Furthermore, not only is mental toughness associated with personal development (St Clair-Thompson et al., 2014), it is also associated with individuals who can cope and thrive under pressure as they are less likely to have less stress and burn out (Gerber et al., 2015). The challenge here is to guide individuals who are both mentally tough and mentally sensitive to maximise their own potential and to ensure effective development can take place.
The next question to answer is: Can an individual develop mental toughness?
Scientists do believe that individuals can develop mental toughness so much so that there are many psychological strategies and tactics that can be applied. So how can an individual thrive and flourish through a global pandemic? Simply by focusing, knowing what the objective is, being able to stick at the task and believing that they can achieve the goal whilst under pressure. In 2002, scientists were able to break down the components of Mental Toughness which is represented in a model by four scales known as the 4C’s Model. The 4Cs model has 4 pillars:
Control: Believing that you can control your destiny
Commitment: Being able to stick to tasks
Challenge: Seeing challenge as an opportunity
Confidence: Having high levels of self-belief
The value of this model will identify and support an individual on one’s mental toughness, it is possible to change and develop the way we think.
Moving on to: How can we assess our mental toughness?

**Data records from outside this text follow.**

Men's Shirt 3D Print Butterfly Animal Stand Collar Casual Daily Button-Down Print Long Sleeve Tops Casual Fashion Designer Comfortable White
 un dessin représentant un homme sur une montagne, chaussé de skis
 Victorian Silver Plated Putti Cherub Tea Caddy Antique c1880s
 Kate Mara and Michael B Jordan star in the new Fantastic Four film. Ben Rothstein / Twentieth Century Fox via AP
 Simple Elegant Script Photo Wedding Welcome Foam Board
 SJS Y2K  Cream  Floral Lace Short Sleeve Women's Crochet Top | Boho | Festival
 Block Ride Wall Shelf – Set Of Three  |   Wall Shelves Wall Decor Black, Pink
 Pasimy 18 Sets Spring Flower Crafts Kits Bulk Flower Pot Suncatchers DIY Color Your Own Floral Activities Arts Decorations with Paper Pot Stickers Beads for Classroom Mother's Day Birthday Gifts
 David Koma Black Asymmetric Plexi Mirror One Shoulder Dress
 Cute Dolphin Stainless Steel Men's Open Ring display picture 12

There are questionnaires and other methodologies that can offer various perspectives on mental toughness. The recommended and best researched scale is a psychometric test call MTQPlus. The MTQ assessment uses what is called a Sten Scale to indicate the level of mental toughness an individual has. The MTQPlus is also a normative measure,
meaning that the level of an individual’s mental toughness is shown on a scale of 1–10, compared to the average score achieved by a normal person.
Finally answering: How do we develop mental toughness?
It is possible to build and develop mental toughness, sports coaches and psychologists have been doing this for many years with significant evidence. There does seem to be some advantages by determining performance, behaviour, and wellbeing. The advantage of using the model and the assessment is to identify which characteristics of an individual’s mental toughness is preventing or hindering achieving wellbeing, performance or leading a more positive life.
Here are a few tools and techniques that can develop positive behaviours, increase performance whilst improving wellbeing
- Use visualisation techniques by visualising what success looks like.
- Set goals and objectives by using the SMART technique.
- Start positive thinking by recording three good things at the end of the day.
- Improve time management - use the pomodoro technique to help be more productive.
- Control anxiety by using control breathing techniques.
- Have group or one-to-one coaching to assist with reaching one’s full potential.
In summary we must remember that mental toughness is not a new concept as it has been used for many years in the sports industry, and not to confuse this with resilience. In essence is to create self-awareness and understand whether we need to develop aspects of our mental toughness or stay as we are. The need to change is there, it is the ability to embrace changes for us to grow and develop.
As Darwin quotes, adaptability is the key to survival.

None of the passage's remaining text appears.